-- Recorded data follows --

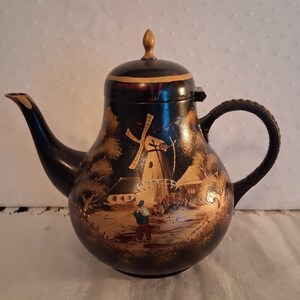 May include: A black teapot featuring a hand-painted gold landscape scene of a windmill, a small house, and a person walking. The teapot has a curved spout, a textured handle, and a lid topped with a small gold-colored finial knob.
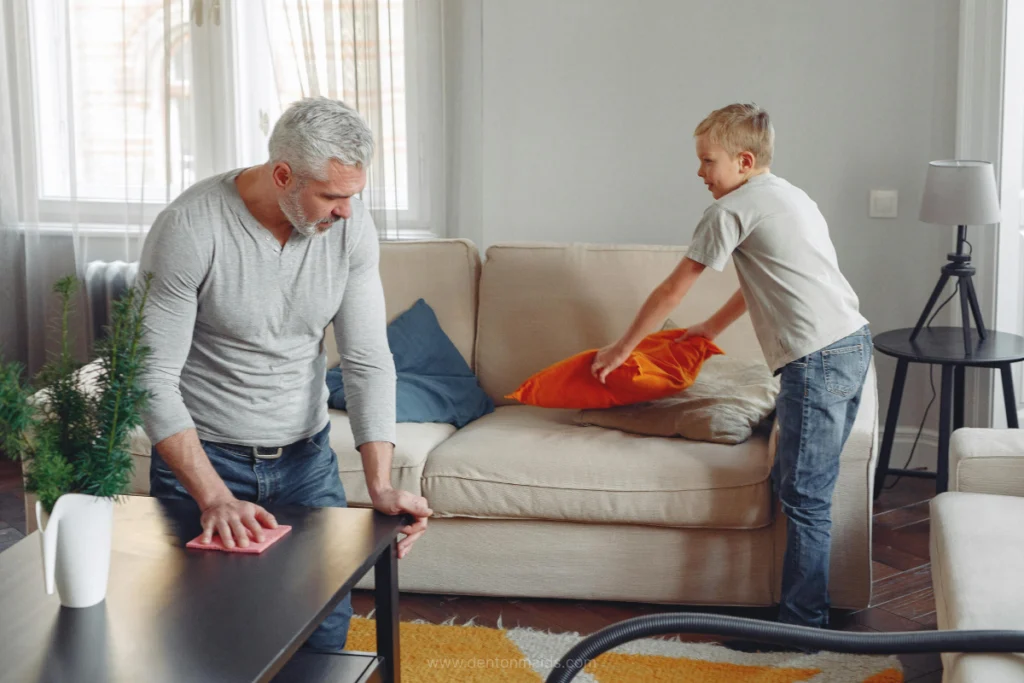 Dad and his kid cleaning living room - Denton Maids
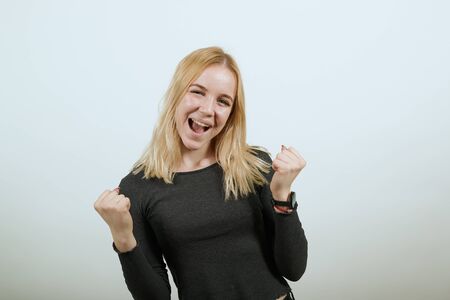 Young Blonde Woman In Black Sweater With Stylish Watch On White Background, Happy Girl Smiles Clenched Her Hands Into Fists And Raised Them Up. The Concept Of Successful, Purposeful Peopleの写真素材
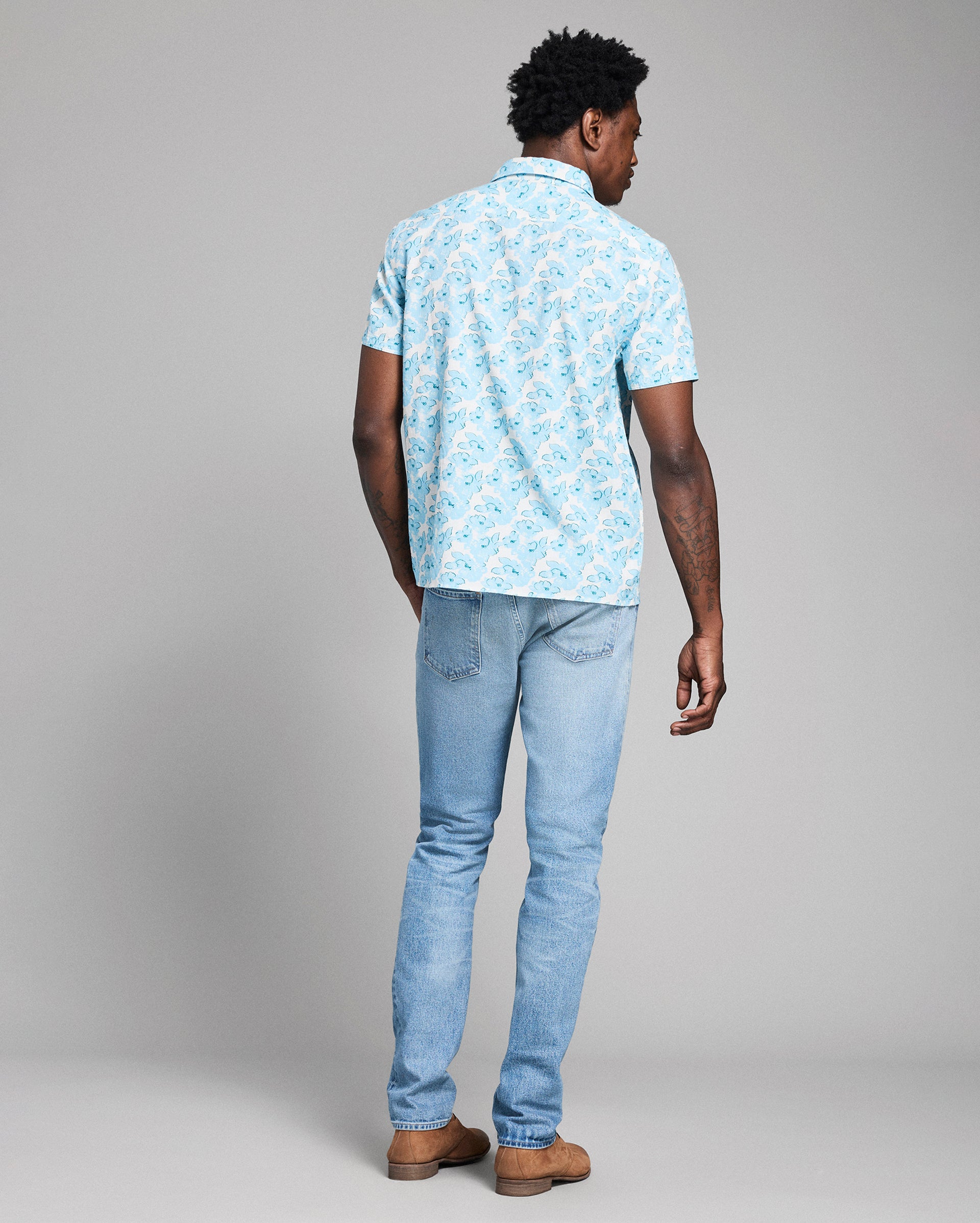 Man wearing a light blue patterned shirt and jeans on a gray background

-- Recorded data concluded --

What you should do: From the line containing "Young Blonde Woman" through the last line of the listing, inclusive, transcribe every line exactly and nothing else; the pictures stay out.

Output:
 Young Blonde Woman In Black Sweater With Stylish Watch On White Background, Happy Girl Smiles Clenched Her Hands Into Fists And Raised Them Up. The Concept Of Successful, Purposeful Peopleの写真素材
 Man wearing a light blue patterned shirt and jeans on a gray background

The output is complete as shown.